Continuing my LFS updates this time on self-employment. As I had shown back in April, the distinction btw incorporated and unincorporated is key when interpreting trends. Relative to population, *incorporated* self-employment continues to drop but unincorporated remains stable1/n
This seems to be specific to Canada. Data from CPS doesn’t show similar differential patterns between the incorporated and unincorporated self-employed workers.
Here are changes in unincorporated self-employment by industry since February (noting educational services) 3/n
Regarding changes in the *composition* of self-employment over the years, the growth in unincorporated self-employment is larger for women. It's reaching levels higher than ever in the past. 4/n
A gender difference we may want to keep following closely... #cdnecon n/n
Why unincorporated self-employed experience hours reduction but employment is up? Many self-employed hold multiple jobs (pre-pandemic) so the loss in hours comes from losing the second job but we see an increase in the employment of *single* job holders (relative to 2019)

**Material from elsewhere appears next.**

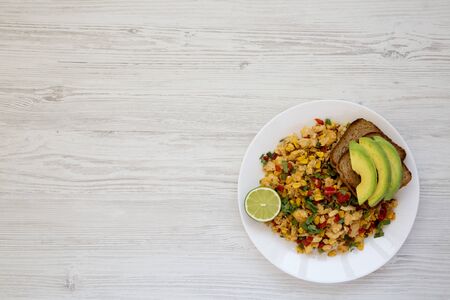 Homemade southwestern egg scramble with toast on a white plate on a white wooden background. Flat...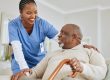 Private duty nurse having a laugh with an old man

Also is the conclusion the same if we use 2018 as a reference? Yes for the unincorporated self-employed. Different conclusion for the incorporated self-employed. And now relative to 2018, private sector employment increased for multiple job holder...
So the choice of reference year matters when isolating COVID-19 impact on the private sector employment-hours because of the yearly fluctuations in multiple job holders...
I found out that multiple job issue this week when further studying the reasons for the relative increase in PT employment. Preparing a thread on that.